E così, stamani, i carabinieri del Ros di Catanzaro e del comando provinciale di Vibo Valentia hanno notificato un’ordinanza di custodia cautelare a carico di Salvatore e Rosario Lo Bianco, ritenuti responsabili, in concorso, dell’omicidio dell’imprenditore vibonese Filippo Piccione, avvenuto a Vibo, il 21 febbraio 1993.

Agli stessi sono state contestate le aggravanti di aver agito con premeditazione, nonché di aver agito al fine di agevolare l’attività della ‘ndrina Lo Bianco-Barba, attiva a Vibo Valentia. L’indagine, condotta dai carabinieri del Ros e del Nucleo investigativo del Comando provinciale di Vibo Valentia e coordinata dalla Direzione distrettuale antimafia di Catanzaro, è nata da uno stralcio del procedimento “Rinascita-Scott”.

E’ agli atti di questo dibattimento che i pm hanno depositato anche il verbale dell’interrogatorio che Mantella ha reso ai magistrati della Dda di Catanzaro chiamando in causa i Lo Bianco-Barba. Secondo la ricostruzione degli investigatori, l’omicidio di Piccione sarebbe stato deciso dai vertici della cosca Lo Bianco che volevano vendicare la morte del loro congiunto Leoluca Lo Bianco, ucciso nelle campagne di Vibo Valentia il primo febbraio 1992.

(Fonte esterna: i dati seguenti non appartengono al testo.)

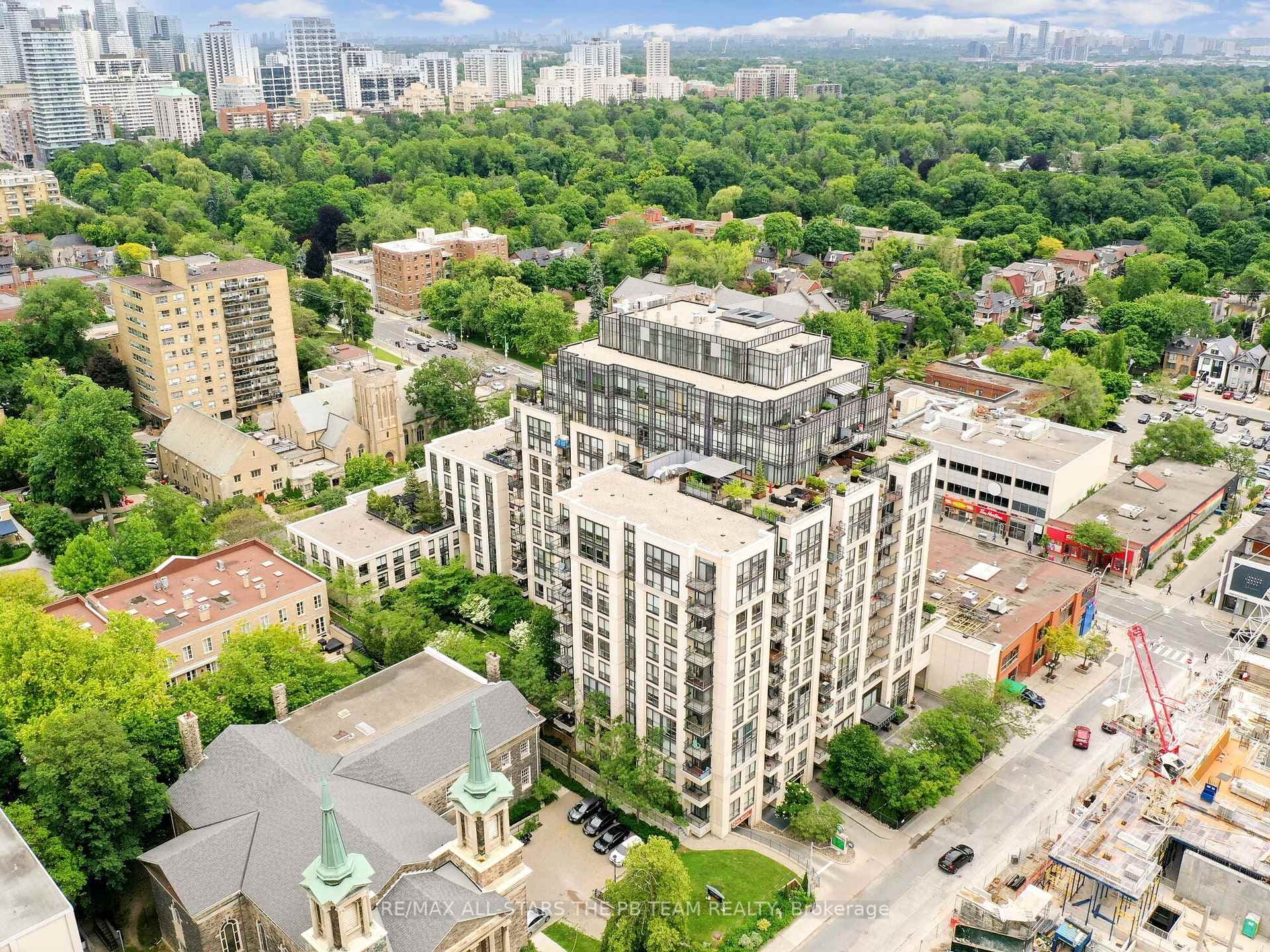 10 Delisle Avenue Unit 208, Annex / Yorkville / Summerhill, ON M4V 3C6 - Photo 1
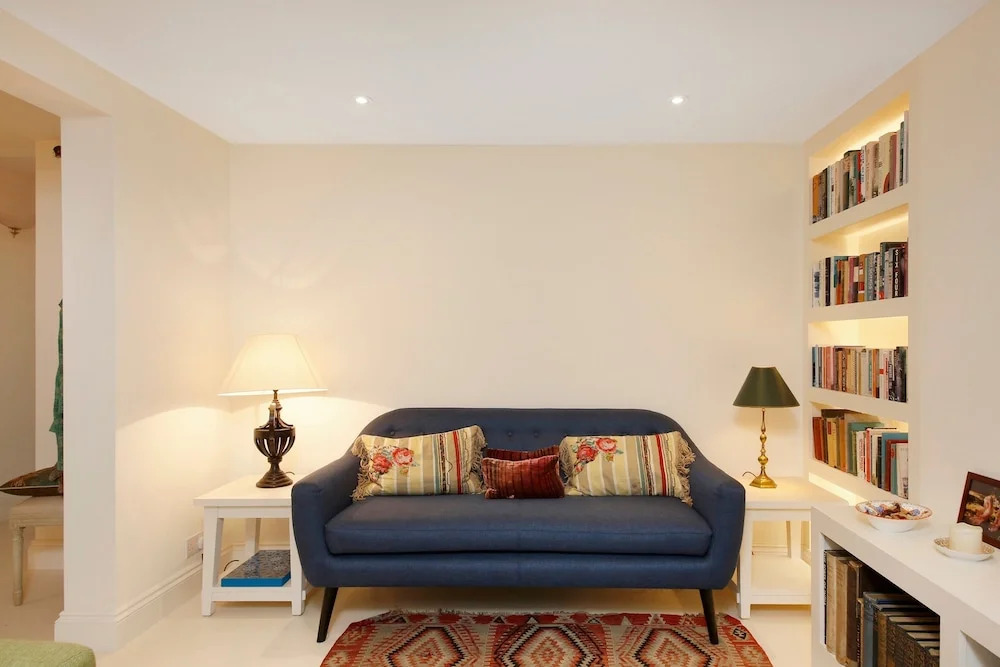 Stunning 2 Bedroom Apartment With Garden in Notting Hill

I colpi di fucile sparati al suo indirizzo, secondo la ricostruzione dell’epoca, partirono da una proprietà di Filippo Piccione. Circostanza che avrebbe ingenerato nella cosca Lo Bianco il sospetto di un coinvolgimento dell’imprenditore costituendo, dunque, la causale dell’omicidio di Piccione.

Il pentito Mantella, l’8 giugno 2016, racconta ai magistrati di aver ricevuto la visita di Carmelo Lo Bianco “Sicarru” e del suo omonimo denominato “Piccinni” che volevano sondare il terreno per la commissione del delitto. Mantella spiega ai pm di essersi tirato fuori dalla storia perché doveva tornare a Vibo dalla fidanzata. Però aggiunge che, in sua presenza e davanti a Francesco Scrugli, i due esponenti anziani del clan avrebbero “incaricato il loro nipote Salvatore Lo Bianco detto ‘U Gniccu'”, fratello di Leoluca, la vittima del ’92.

Il pentito racconta poi di aver successivamente saputo da Nicola Lo Bianco, figlio di “Sicarru” e scomparso di lupara bianca, che lui stesso accompagnò il cugino a sparare a Piccione con una pistola. L’omicidio fu portato a termine in Piazza Municipio, sotto l’abitazione della vittima e chi agì, ricorda ancora Mantella, lo fece indossando una maschera di carnevale. “Che le cose siano andate così mi è stato riferito proprio da Salvatore e Nicola Lo Bianco” afferma il pentito.